The group placed that marker ahead of the honor court appeal hearing for Maya Little. The history graduate student at UNC has been at the center of the protest of the Confederate monument on the Chapel Hill campus known as Silent Sam. She was criminally charged after pouring a mixture of red ink and her own blood on the statue in the spring of 2018.
The statue was then toppled in August and the base of the monument was removed in mid-January.
Little’s criminal trial resulted in a finding of guilt on the misdemeanor charge, but judgment was continued and fees were waived, meaning no additional punishment accompanied the finding. The UNC Honor Court meanwhile carried out a hearing charging Little with breaking compliance with the university’s honor code.
Little’s representative for Tuesday’s appeal spoke before the hearing and criticized one of the members of the original hearing panel, who she said was biased.

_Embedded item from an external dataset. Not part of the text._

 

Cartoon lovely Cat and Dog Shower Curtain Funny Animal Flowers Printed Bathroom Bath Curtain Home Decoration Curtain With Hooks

“Maya had a member on her honor court panel who has publicly supported Silent Sam for years.” She pointed to social media posts from the individual, Frank Pray, that were deleted during the original hearing after coming to light.

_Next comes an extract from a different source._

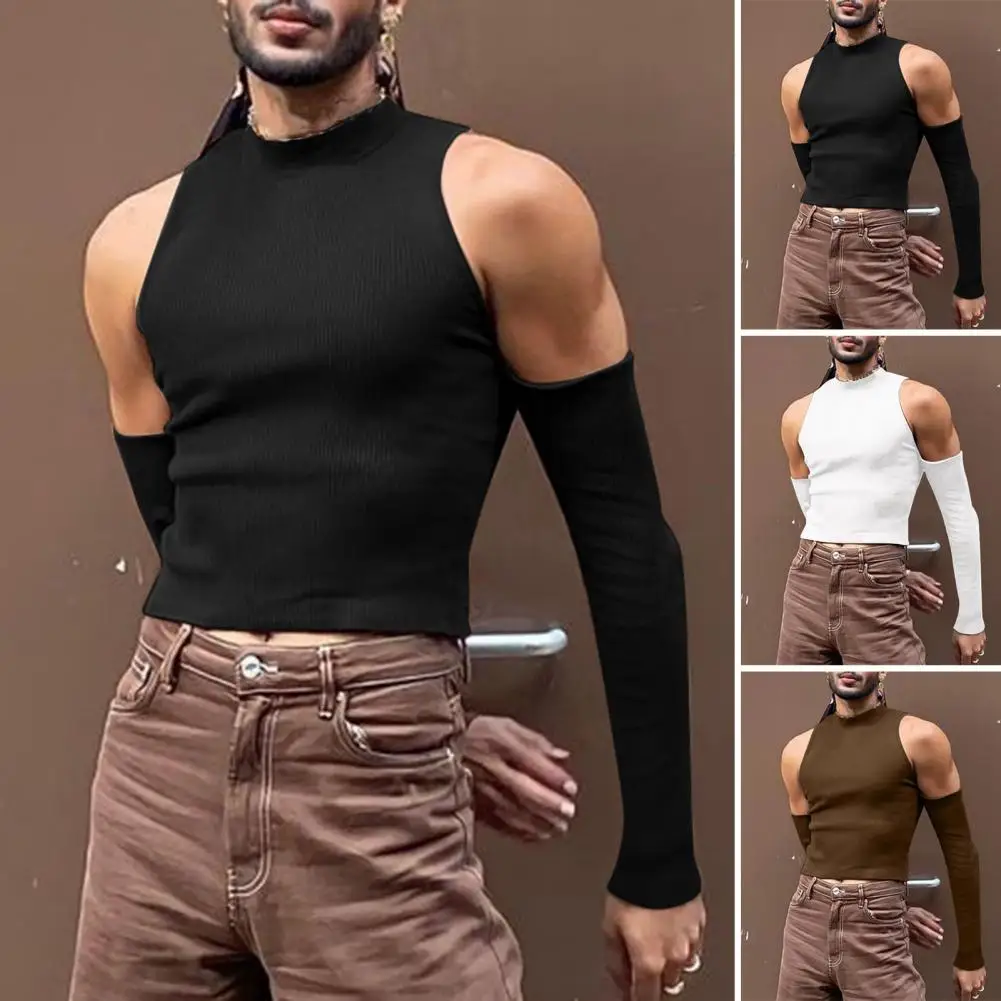 Men Club Top Men Long Sleeve Top Off Shoulder Male Shirt Slim Fit Solid Color Half-high Collar Elastic Breathable Party Tank Top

Little said the process around the hearings and criminal trials has taken a toll on her well-being.

Memorial to Negro Wench on Franklin Street. Photo via Blake Hodge.
“But every day black people at UNC, especially women and queers, have to choose between their employment at this university or their safety,” Little said, “housing, the buildings they have to study in, the degree the university grants or their dignity.”
Little has been trespassed from portions of the campus, including McCorkle Place, where Silent Sam had stood for more than 100 years.
The group walked to McCorkle Place after the pre-hearing rally, with Little remaining behind. They stopped in front of the Jefferson Davis Memorial Highway marker on Franklin Street, which itself has been a point of protest in recent months, to place another memorial.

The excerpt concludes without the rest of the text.